J'ai versé des larmes de joie en lisant la lettre du 9 septembre, dont V. A. R. a bien voulu m'honorer; j'y reconnais un prince qui certainement sera l'amour du genre humain. Je suis étonné de toute manière : vous pensez comme Trajan, vous écrivez comme Pline, et vous parlez français comme nos meilleurs écrivains. Quelle différence entre les hommes! Louis XIV était un grand roi, je respecte sa mémoire; mais il ne parlait pas aussi humainement que vous, monseigneur, et ne s'exprimait pas de même. J'ai vu de ses lettres : il ne savait pas l'orthographe de sa langue. Berlin sera, sous vos auspices, l'Athènes de l'Allemagne, et pourra l'être de l'Europe. Je suis ici dans une villea où deux simples particuliers, M. Boerhaave d'un côté, et M. s'Gravesande de l'autre, attirent quatre ou cinq cents étrangers. Un prince tel que vous en attirera bien davantage, et je vous avoue que je me tiendrais bien malheureux, si je mourais avant d'avoir vu l'exemple des princes et la merveille de l'Allemagne.

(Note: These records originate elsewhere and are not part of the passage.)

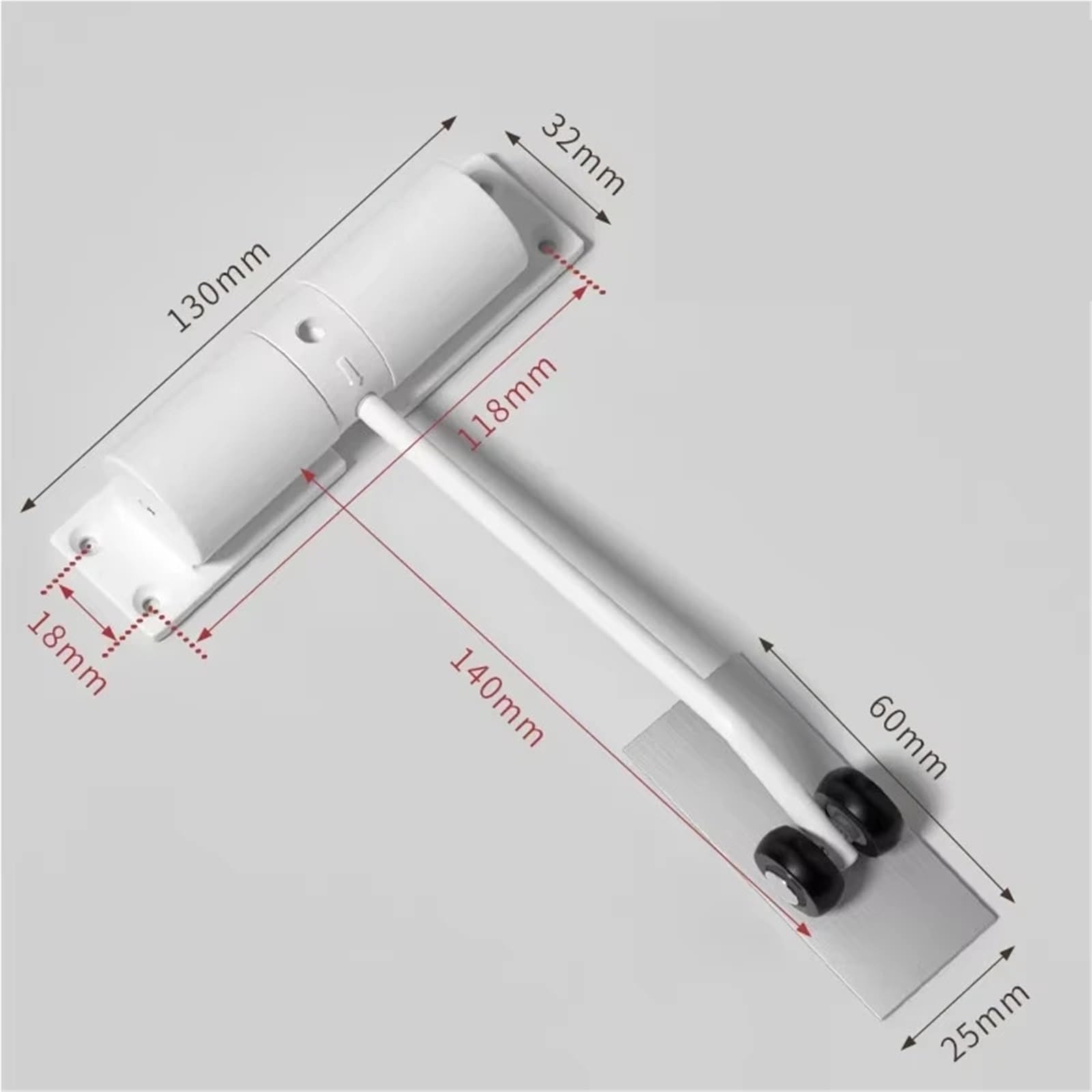 Chiudiporta automatico regolabile da 2 pezzi a molla di sicurezza resistente montato in superficie for chiudiporta nero esterno interno Per Porte(White)
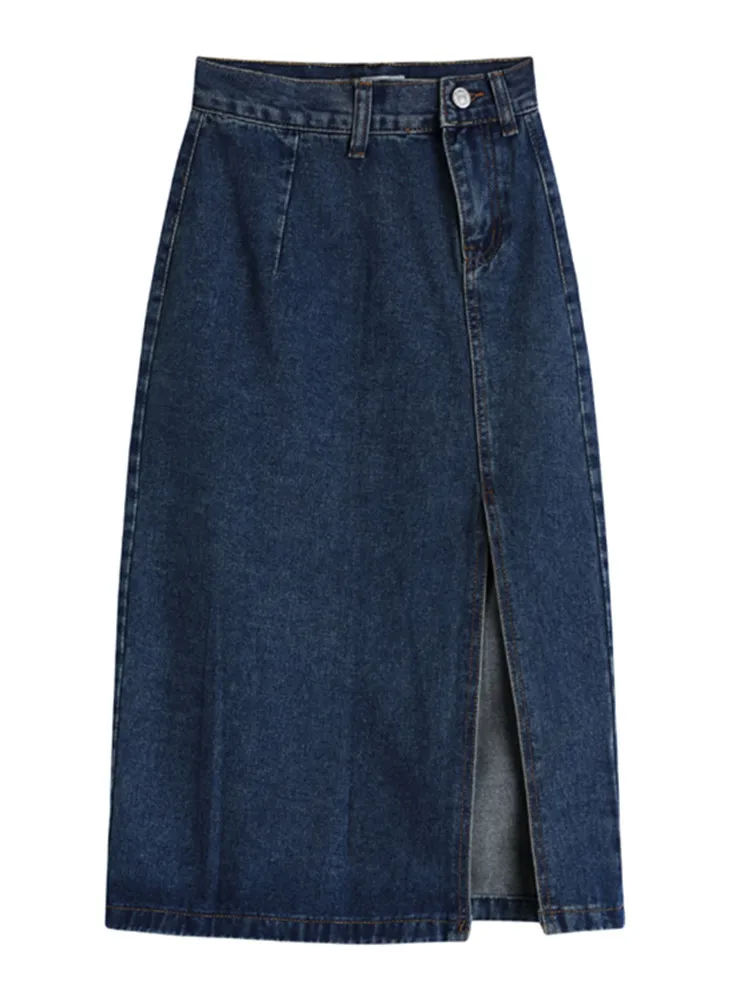 REALEFT Women\'s Midi Denim Skirt Spring Side Split High Wasit Jeans Skirts Straight Female A-line Pencil Skirt 2023 New Summer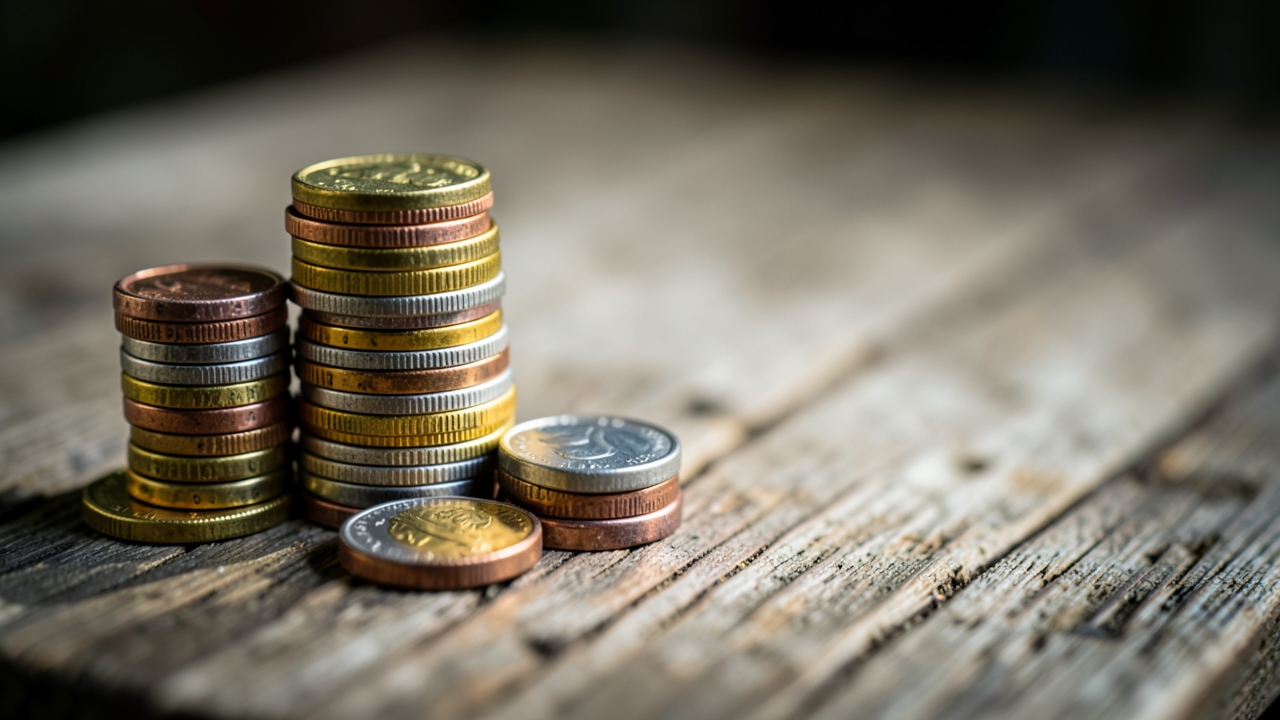 Stacked Coins in Soft Natural Light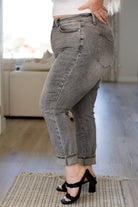 Charlotte High Rise Stone Wash Slim Jeans in Gray Ave Shops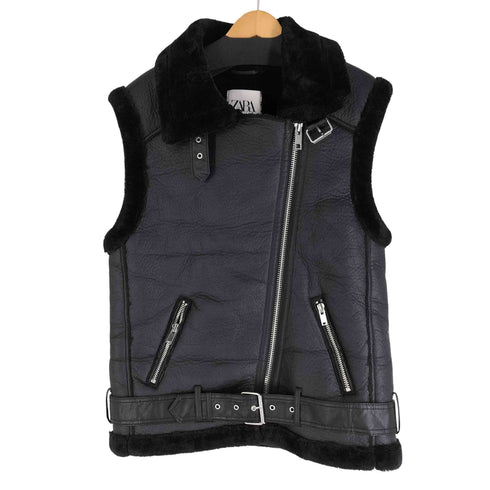 ザラ ZARA フェイクレザー ムートン ライダース ベスト レディース import:S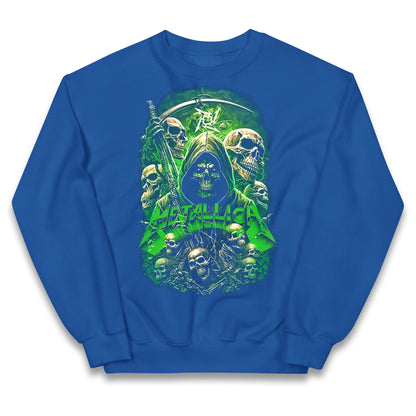 Metallica Green Skulls Kids Jumper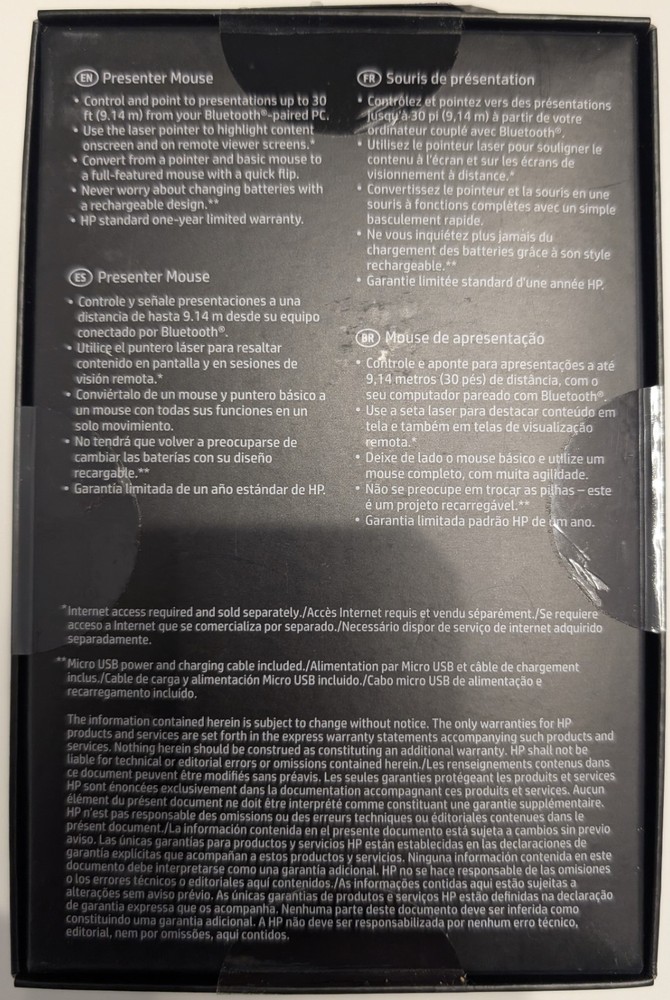 HP Elite Bluetooth Wireless Mouse w/ Laser Pointer Presentation Remote (2CE30AA)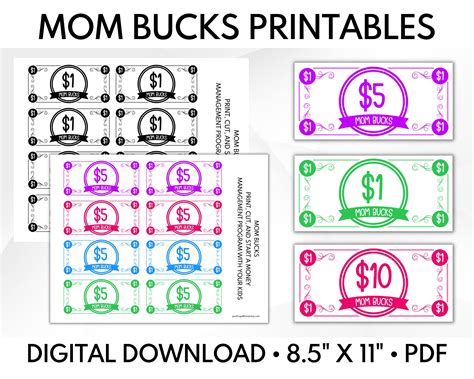 free printable bucks template.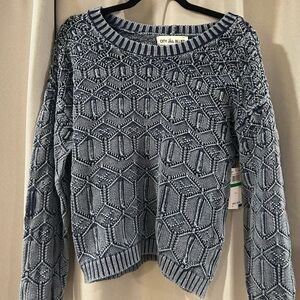 Women's Textured Knit Sweater - Blue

Je ne veux point vous flatter, monseigneur; ce serait un crime, ce serait jeter un souffle empoisonné sur une fleur. J'en suis incapable; c'est mon cœur pénétré qui parle à V. A. R.

J'ai lu la Logique de M. Wolff, que vous avez daigné m'envoyer; j'ose dire qu'il est impossible qu'un homme qui a les idées si nettes, si bien ordonnées, fasse jamais rien de mauvais. Je ne m'étonne plus qu'un tel prince aime un tel philosophe. Ils étaient faits l'un pour l'autre. V. A. R., qui lit ses ouvrages, peut-elle me demander les miens? Le possesseur d'une mine de diamants me demande des grains de verre; j'obéirai, puisque c'est vous qui ordonnez.

J'ai trouvé, en arrivant à Amsterdam, qu'on avait commencé une édition de mes faibles ouvrages. J'aurai l'honneur de vous envoyer le premier exemplaire. En attendant, j'aurai la hardiesse


a Leyde, où Voltaire arriva vers la fin de décembre 1736.